VwGH 2008/18/0087

VwGH2008/18/008728.2.2008

Der Verwaltungsgerichtshof hat durch den Vorsitzenden Senatspräsident Dr. Höfinger und die Hofräte Dr. Rigler, Dr. Handstanger, Dr. Enzenhofer und Dr. Strohmayer als Richter, im Beisein des Schriftführers Mag. Schmidl, über die Beschwerde des D B, geboren am 5. April 1978, vertreten durch Mag. Robert Igali-Igalffy, Rechtsanwalt in 1030 Wien, Landstraßer Hauptstraße 34, gegen den Bescheid der Sicherheitsdirektion Wien vom 10. Dezember 2007, Zl. E1/443.067/2007, betreffend Ausweisung, zu Recht erkannt:

Normen

FrPolG 2005 §125 Abs1;
FrPolG 2005 §53 Abs1;
FrPolG 2005 §60 Abs2 Z2;
FrPolG 2005 §66 Abs1;
EMRK Art8 Abs2;
NAG 2005 §27 Abs1;
StGB §107 Abs1;
FrPolG 2005 §125 Abs1;
FrPolG 2005 §53 Abs1;
FrPolG 2005 §60 Abs2 Z2;
FrPolG 2005 §66 Abs1;
EMRK Art8 Abs2;
NAG 2005 §27 Abs1;
StGB §107 Abs1;

 

Spruch:

Die Beschwerde wird als unbegründet abgewiesen.

Begründung

I.

1. Mit dem im Instanzenzug ergangenen Bescheid der Sicherheitsdirektion Wien (der belangten Behörde) vom 10. Dezember 2007 wurde der Beschwerdeführer, ein serbischer Staatsangehöriger, gemäß § 53 Abs. 1 des Fremdenpolizeigesetzes 2005 - FPG, BGBl. I Nr. 100, ausgewiesen.

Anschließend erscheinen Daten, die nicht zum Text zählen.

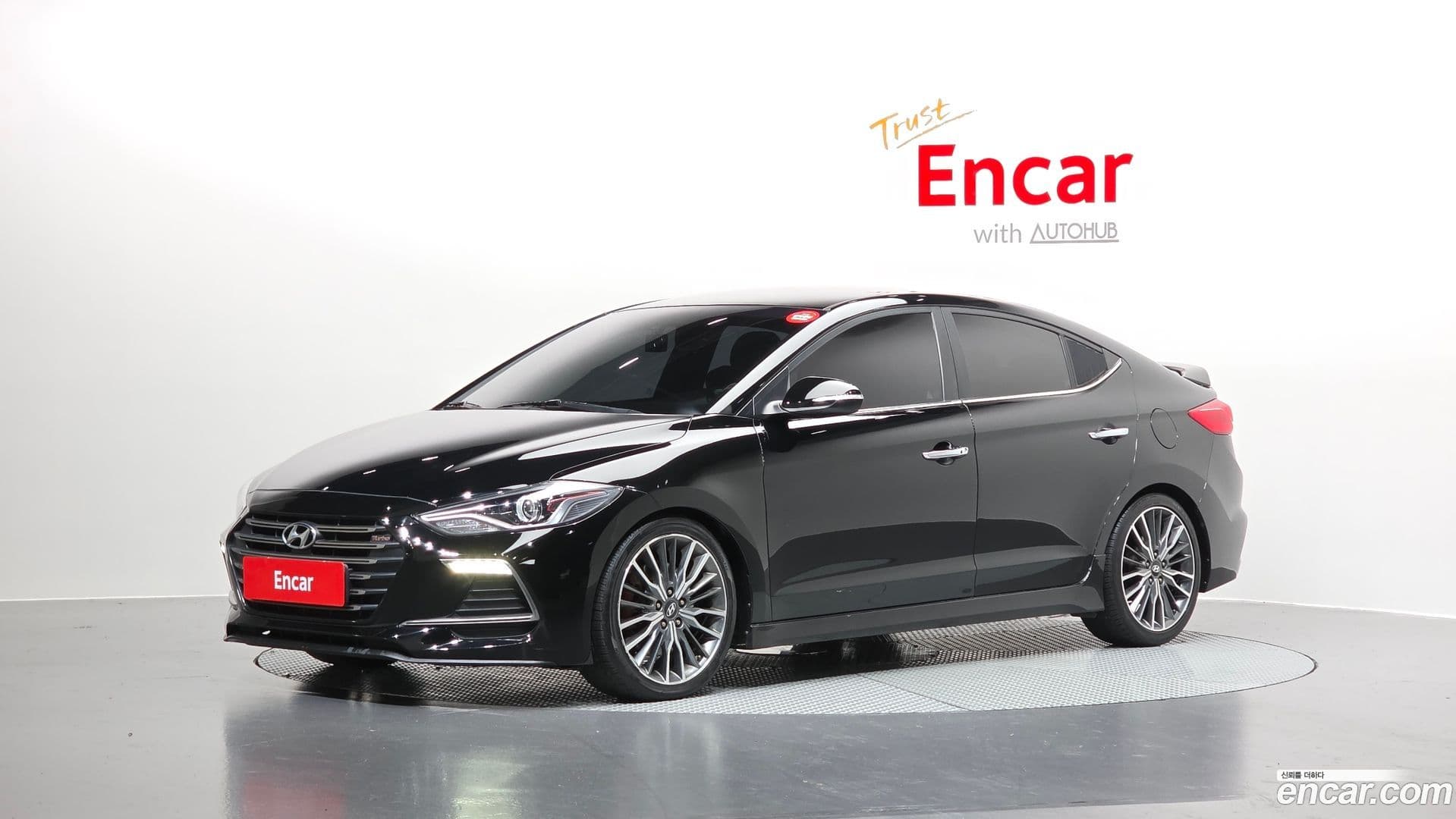 Main__Slider__Photo:AVANTE Hyundai 2018.6-0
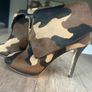 womans shoe Image 2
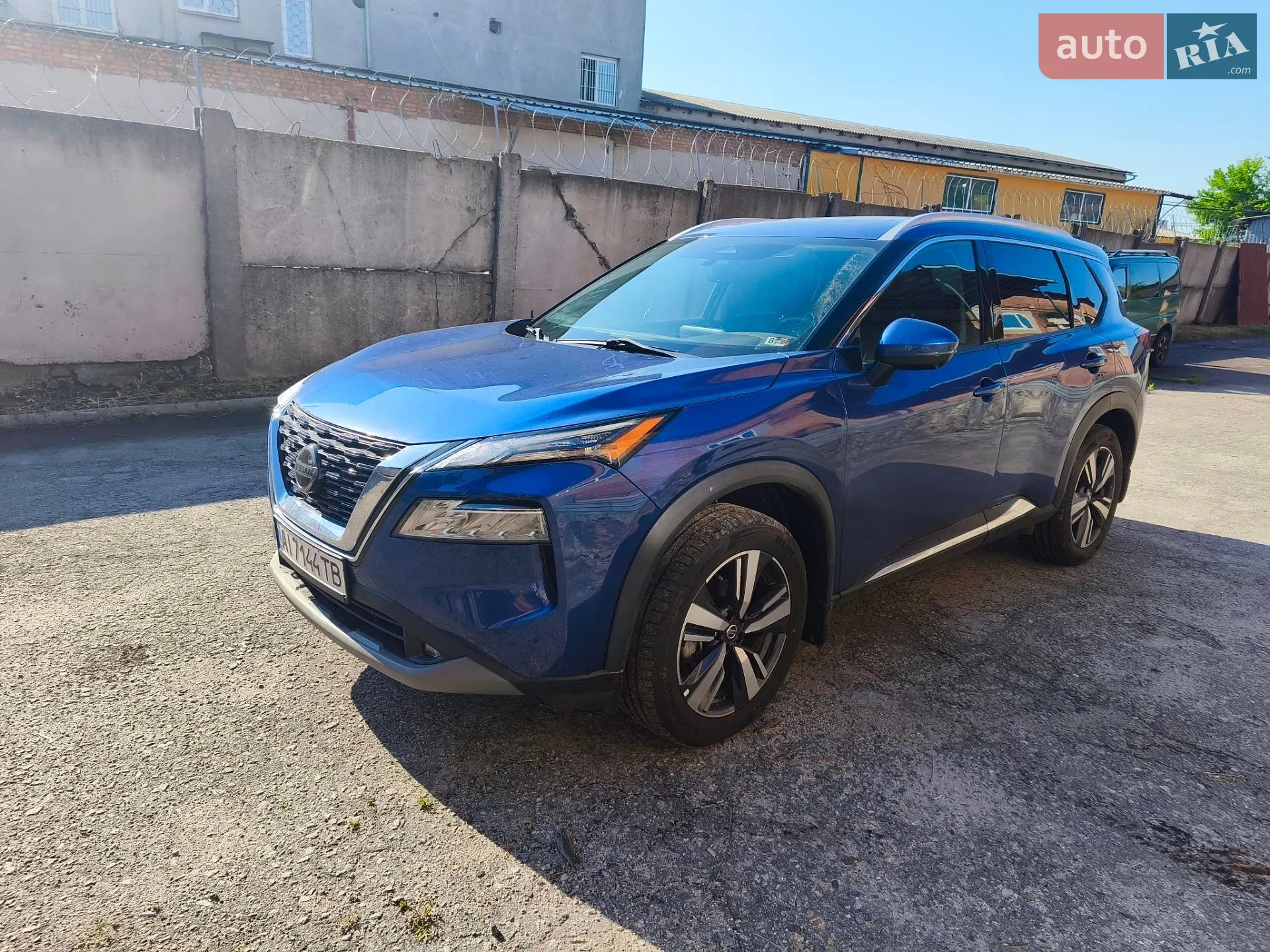2021 Nissan Rogue - мініатюра 2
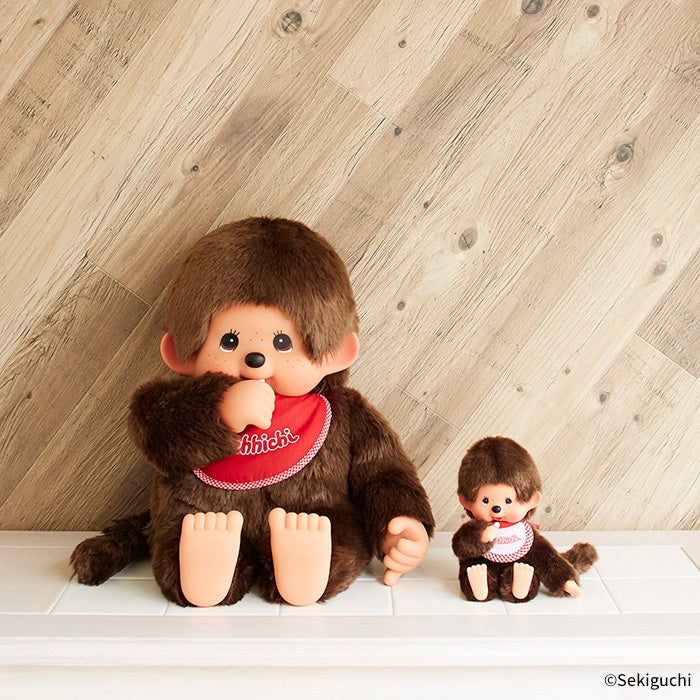 スタンダードタイプの人気サイズ「モンチッチ XL ぬいぐるみ」が発売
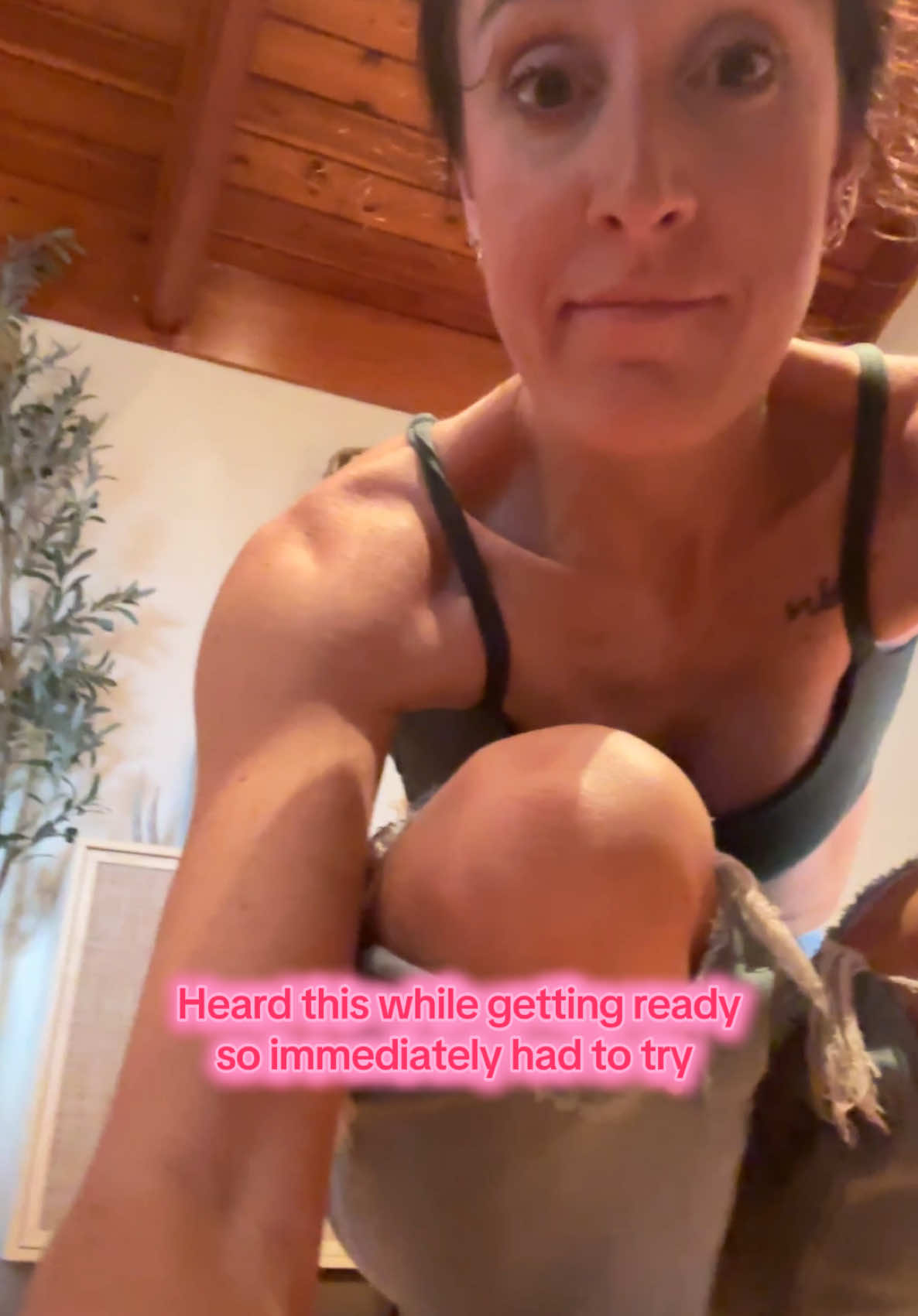 I’m committing to 11 pushups a day… who is with me?!? #melrobbins #pushupchallenge #letsgo #fitnessmotivation #challengeaccepted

Laut seinen unbestätigten Angaben sei der Beschwerdeführer am 5. Mai 2003 unter Umgehung der Grenzkontrolle, in einem LKW versteckt, in Österreich eingereist und habe am selben Tag beim Bundesasylamt einen Asylantrag gestellt, der im Instanzenzug mit Bescheid des unabhängigen Bundesasylsenates vom 13. Oktober 2003 unter gleichzeitiger Feststellung, dass seine Zurückweisung, Zurückschiebung oder Abschiebung nach Jugoslawien zulässig sei, abgewiesen worden sei.

Der Beschwerdeführer, dessen vorläufige Aufenthaltsberechtigung nach dem Asylgesetz mit 18. November 2003 widerrufen worden sei, habe sich in der Folge illegal im Bundesgebiet aufgehalten und sei mit Strafbescheid der Erstbehörde (Bundespolizeidirektion Wien) vom 10. August 2004 wegen des unrechtmäßigen Aufenthaltes rechtskräftig bestraft worden. Der von der Erstbehörde daraufhin gegen ihn wegen Mittellosigkeit erlassene Aufenthaltsverbotsbescheid vom 10. August 2004 sei mit Berufungsbescheid der belangten Behörde vom 24. Jänner 2005 gemäß § 66 Abs. 2 AVG behoben worden.

Wie einem vom Beschwerdeführer bei der Erstbehörde gestellten Antrag auf Erteilung einer Niederlassungsbewilligung zu entnehmen sei, habe er am 19. Oktober 2004 in Wien eine österreichische Staatsbürgerin geehelicht. Sein Antrag sei vom Landeshauptmann von Wien mit Bescheid vom 11. Dezember 2006 (rechtskräftig seit 2. Juli 2007) vor allem deshalb abgewiesen worden, weil seine Ehe mit 16. Februar 2006 rechtskräftig geschieden worden sei.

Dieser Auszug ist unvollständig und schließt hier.